Já sobre The Division Bell, o colaborador da revista BLITZ escrevia, alguns anos antes da edição de Endless River, que “o derradeiro grito dos Pink Floyd, já na década de 90, sete anos após A Momentary Lapse of Reason, resolvidos que estavam todos os problemas e contendas legais, é um disco sobre a comunicação e como o uso da palavra pode ser um fator decisivo de resolução de problemas, algo que muitos interpretaram como alusivo à relação tremida entre David Gilmour e Roger Waters”. E ainda se adianta que “ao contrário do álbum anterior, The Division Bell é um álbum escrito por uma banda e não apenas por David Gilmour, o que acaba por se refletir intensamente na cor das canções deste álbum”. Que o jornalista garante que mostra o Floyd “decididos em fazer as pazes com o passado e apostados em sinalizar o final da viagem com a honra que o momento pedia”.

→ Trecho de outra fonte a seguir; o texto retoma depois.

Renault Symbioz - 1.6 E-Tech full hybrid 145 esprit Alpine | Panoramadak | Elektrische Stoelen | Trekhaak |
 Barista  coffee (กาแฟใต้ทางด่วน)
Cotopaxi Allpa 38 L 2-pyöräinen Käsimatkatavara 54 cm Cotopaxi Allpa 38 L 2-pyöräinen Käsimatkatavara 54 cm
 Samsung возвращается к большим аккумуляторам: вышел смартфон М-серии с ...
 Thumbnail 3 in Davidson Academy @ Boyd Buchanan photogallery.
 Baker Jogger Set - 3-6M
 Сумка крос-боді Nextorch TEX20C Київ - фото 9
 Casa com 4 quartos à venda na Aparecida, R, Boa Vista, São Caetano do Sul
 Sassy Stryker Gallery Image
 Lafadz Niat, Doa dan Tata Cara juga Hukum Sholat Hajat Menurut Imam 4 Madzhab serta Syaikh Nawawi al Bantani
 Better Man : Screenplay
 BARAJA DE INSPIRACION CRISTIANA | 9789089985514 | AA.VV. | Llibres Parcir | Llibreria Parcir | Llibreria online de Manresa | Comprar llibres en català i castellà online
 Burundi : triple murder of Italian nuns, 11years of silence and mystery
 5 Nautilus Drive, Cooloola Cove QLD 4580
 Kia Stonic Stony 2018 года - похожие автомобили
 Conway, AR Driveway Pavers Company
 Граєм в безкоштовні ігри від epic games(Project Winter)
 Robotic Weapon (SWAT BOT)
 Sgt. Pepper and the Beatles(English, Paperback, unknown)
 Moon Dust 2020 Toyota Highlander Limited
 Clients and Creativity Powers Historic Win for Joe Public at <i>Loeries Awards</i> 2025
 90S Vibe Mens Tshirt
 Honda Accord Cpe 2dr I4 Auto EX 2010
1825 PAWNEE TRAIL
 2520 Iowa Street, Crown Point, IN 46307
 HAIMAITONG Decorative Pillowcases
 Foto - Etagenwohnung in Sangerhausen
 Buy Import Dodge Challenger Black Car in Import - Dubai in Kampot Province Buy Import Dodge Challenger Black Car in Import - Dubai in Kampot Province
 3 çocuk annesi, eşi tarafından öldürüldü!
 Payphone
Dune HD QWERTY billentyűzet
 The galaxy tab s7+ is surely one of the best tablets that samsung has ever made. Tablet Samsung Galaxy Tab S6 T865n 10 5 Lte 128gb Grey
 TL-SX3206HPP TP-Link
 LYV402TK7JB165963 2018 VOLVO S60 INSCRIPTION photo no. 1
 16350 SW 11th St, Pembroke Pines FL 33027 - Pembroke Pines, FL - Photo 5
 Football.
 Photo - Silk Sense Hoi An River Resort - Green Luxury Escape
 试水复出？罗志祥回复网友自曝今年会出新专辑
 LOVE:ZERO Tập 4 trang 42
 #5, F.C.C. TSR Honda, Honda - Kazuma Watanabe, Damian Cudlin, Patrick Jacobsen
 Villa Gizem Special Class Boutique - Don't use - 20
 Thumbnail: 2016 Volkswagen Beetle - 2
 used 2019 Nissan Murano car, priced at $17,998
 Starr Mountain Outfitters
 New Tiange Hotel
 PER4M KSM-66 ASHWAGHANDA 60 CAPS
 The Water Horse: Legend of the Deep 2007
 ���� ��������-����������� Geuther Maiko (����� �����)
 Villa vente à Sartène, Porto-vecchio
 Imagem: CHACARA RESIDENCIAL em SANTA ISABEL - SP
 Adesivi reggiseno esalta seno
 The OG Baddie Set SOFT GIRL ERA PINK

Sobre Pulse, outro dos pilares de The Later Years, no mesmo número especial da BLITZ recordava-se que “quando entraram em digressão, o Pink Floyd não planeava lançar um disco ao vivo – tinham editado Delicate Sound of Thunder em 1988 – mas mudaram de opinião assim que perceberam que tinham trazido ao palco, quase sem perceberem, a interpretação integral de Dark Side of The Moon. E esse é precisamente um dos maiores atrativos de Pulse, editado em versão áudio e visual para quem deseja experienciar o que o Pink Floyd imaginou ao vivo aquando da edição de The Division Bell”.
São, de fato, marcos de um tempo em que o Pink Floyd poderia já contar atrás de si os seus melhores anos, mas, ainda assim, o período documentado em The Later Years traduziu-se em mais de 40 milhões de cópias de discos vendidos em todo o mundo e em duas memoráveis digressões, a A Momentary Lapse of Reason Tour que decorreu entre setembro de 1987 e julho de 1989, e a The Division Bell Tour que finalmente trouxe o grupo a Portugal para duas inesquecíveis noites no Estádio José de Alvalade, a 22 e 23 de julho de 1994, um espetáculo, de acordo com a reportagem BLITZ da época, “se fez de proezas técnicas que foram arrancando ‘ahhs’ à multidão”. E, claro, música que por essa altura já tinha conquistado um lugar único na história.
É para os fãs que possam eventualmente carregar até hoje, 25 anos depois, memórias especiais dessas noites de verão, que esta edição especial The Later Years é pensada. Mais uma pequena arca recheada de tesouros a pensar nos fãs fervorosos.